SUPPLIED DATA »
================

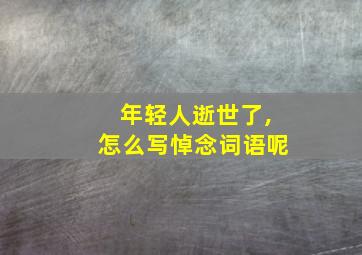 年轻人逝世了,怎么写悼念词语呢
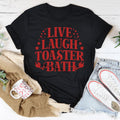 Live Laugh Toaster Bath Tee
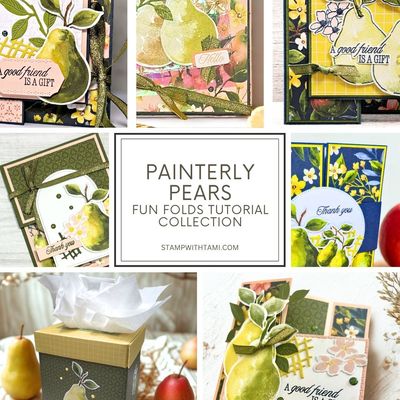 Painterly Pears Fun Fold Card &amp; Tissue Box Tutorial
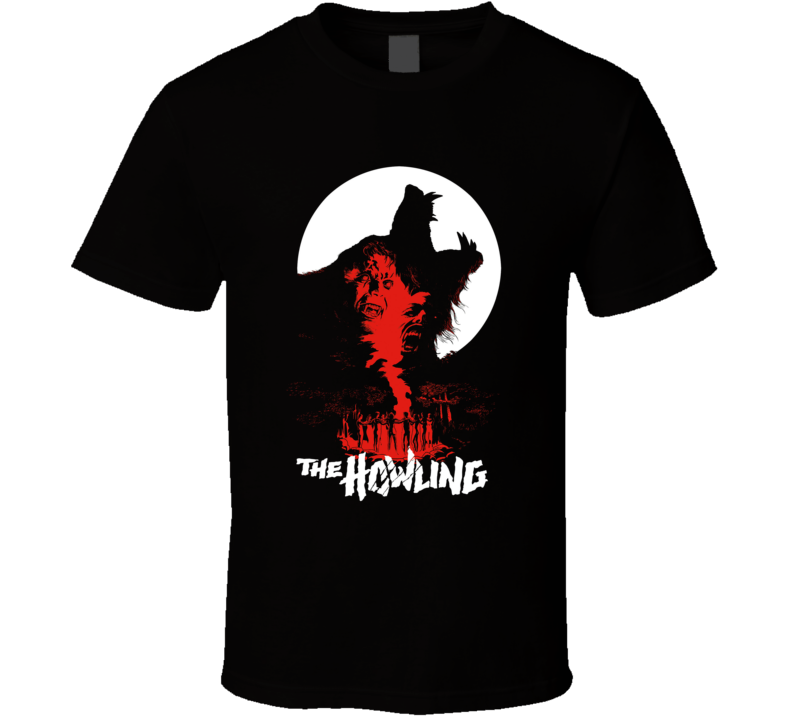 The Howling 80s Horror Movie Werewolf Monster Fan T Shirt The Howling 80s Horror Movie Werewolf Monster Fan T Shirt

================

EXERCISE DIRECTIONS »
To complete this exercise, repeat exactly the lines above from the one holding "Live Laugh Toaster Bath Tee" to the end of the listing, both included, and leave the pictures out.

RESULT FOR THIS EXERCISE »
 Live Laugh Toaster Bath Tee
 Painterly Pears Fun Fold Card &amp; Tissue Box Tutorial
 The Howling 80s Horror Movie Werewolf Monster Fan T Shirt The Howling 80s Horror Movie Werewolf Monster Fan T Shirt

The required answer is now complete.